What you need to do
Please set down exactly the lines from the one containing "Royalty-Free (RF) Yellow" through the last line of the records below, both included, with no pictures.

[[ Dataset content, beginning ]]

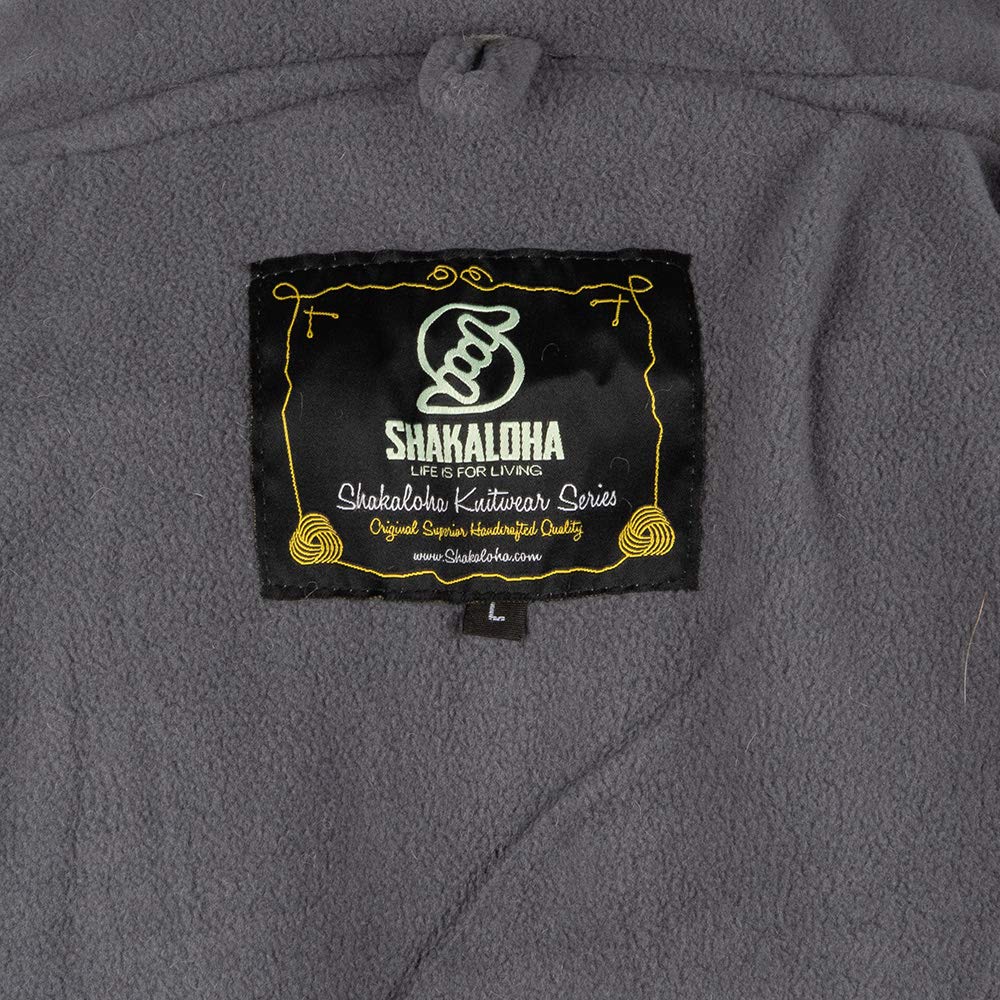 SHAKALOHA - Unifarbene Strickjacke Wolljacke mit Kapuze für Herren - Navigator in grau - im fairen Wettbewerb in Nepal hergestellte Wolljacke mit fleecegefütterter Kapuze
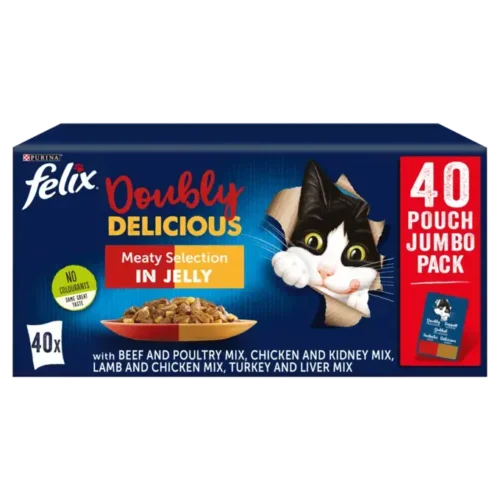 PURINA FELIX Doubly Delicious Meaty Selection Adult Wet Cat Food 40x85g Pouches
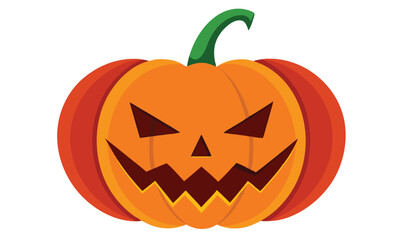 An isolated illustration of a scary orange pumpkin with a carved face on a white background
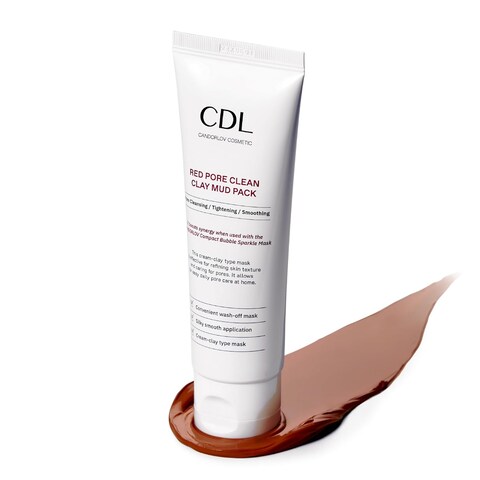 Red Mud Deep Pore Cleansing Facial Wash Off Mask for Impurities Sebum, For Senstive Skin, Soothing &amp; Cooling Effect, Exforliating Dead Skin, Korean Skin Care, 2.7 oz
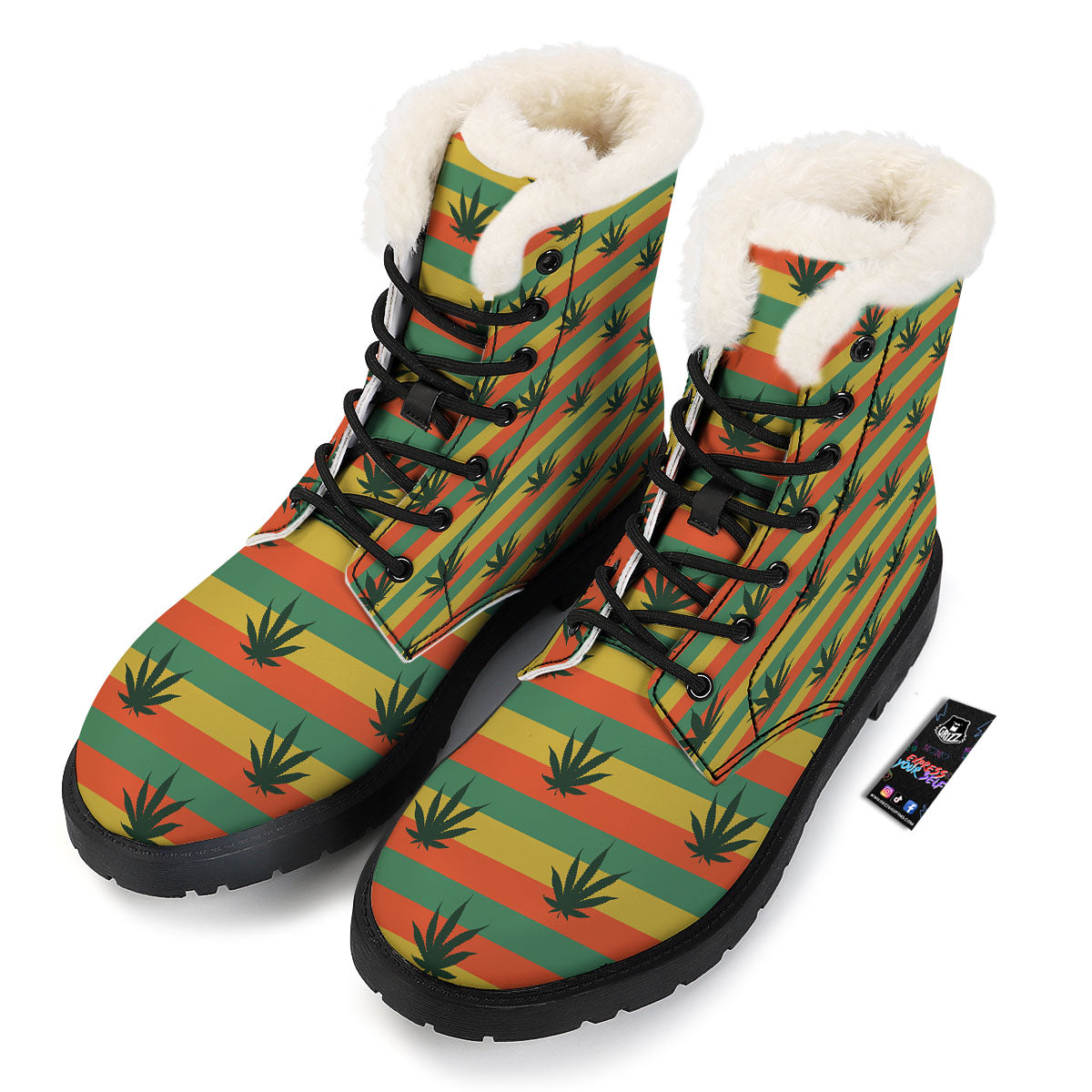 Striped Rasta Print Pattern Winter Boots-grizzshop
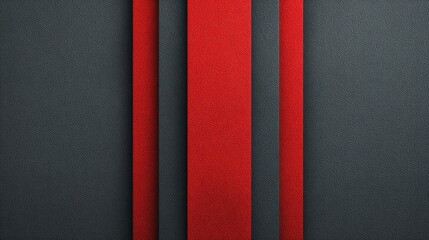 Fototapete - Vertical red stripes on matte black surface with light reflection and space for design in center
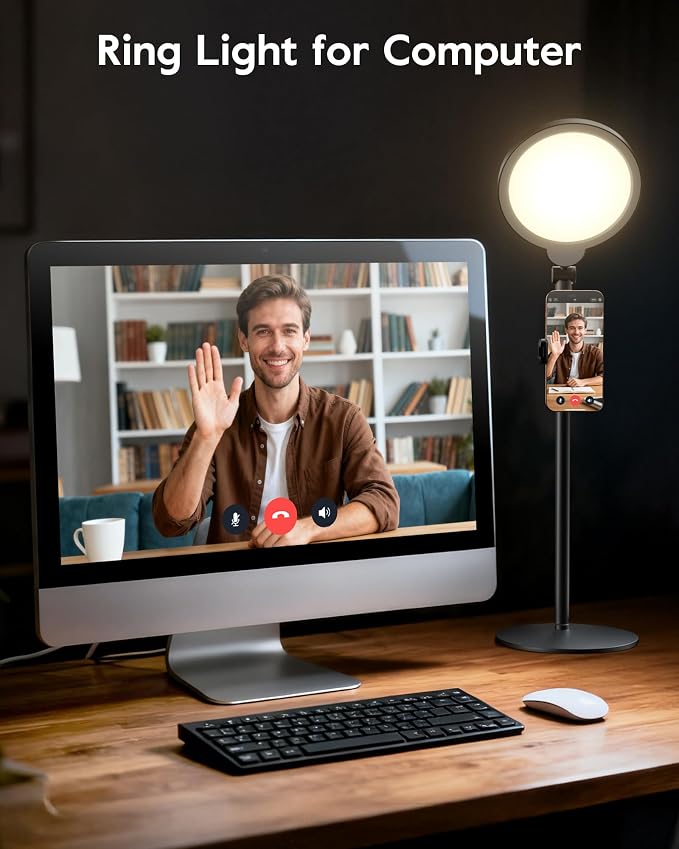 Dimmable Ring Light with Stand for Desk, Adjustable Desk Light for Video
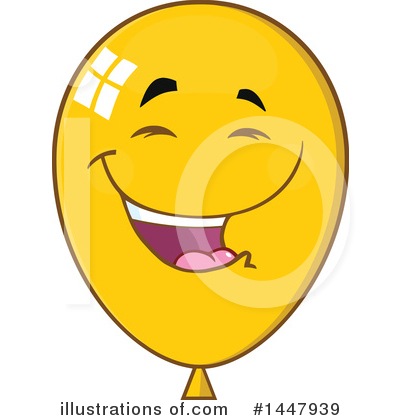 Royalty-Free (RF) Yellow Party Balloon Clipart Illustration by Hit Toon - Stock Sample #1447939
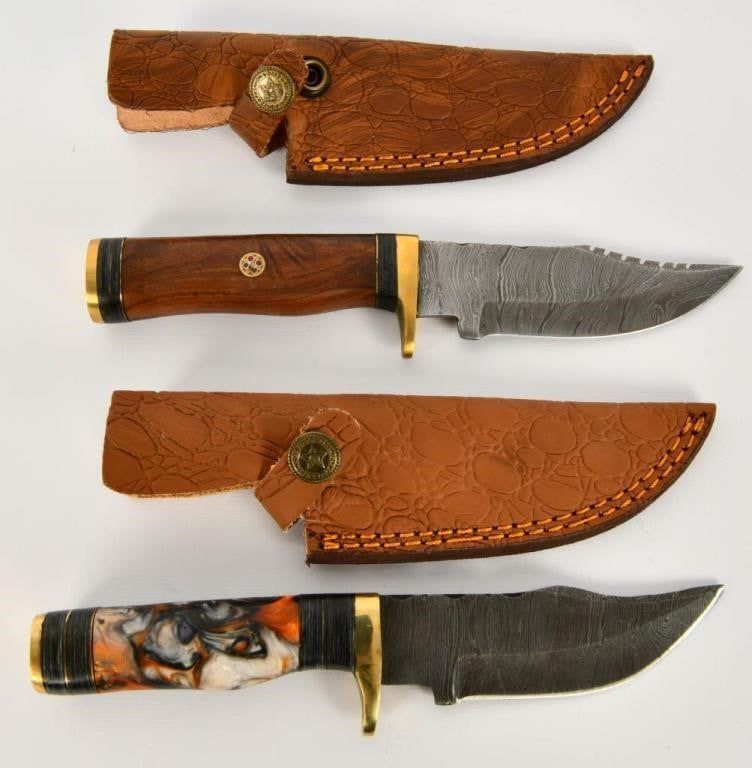 Lot 1442: 2 Custom Handmade Damascus Fixed Blade Knives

[[ Dataset content, end ]]

Response to this exercise
 Royalty-Free (RF) Yellow Party Balloon Clipart Illustration by Hit Toon - Stock Sample #1447939
 Lot 1442: 2 Custom Handmade Damascus Fixed Blade Knives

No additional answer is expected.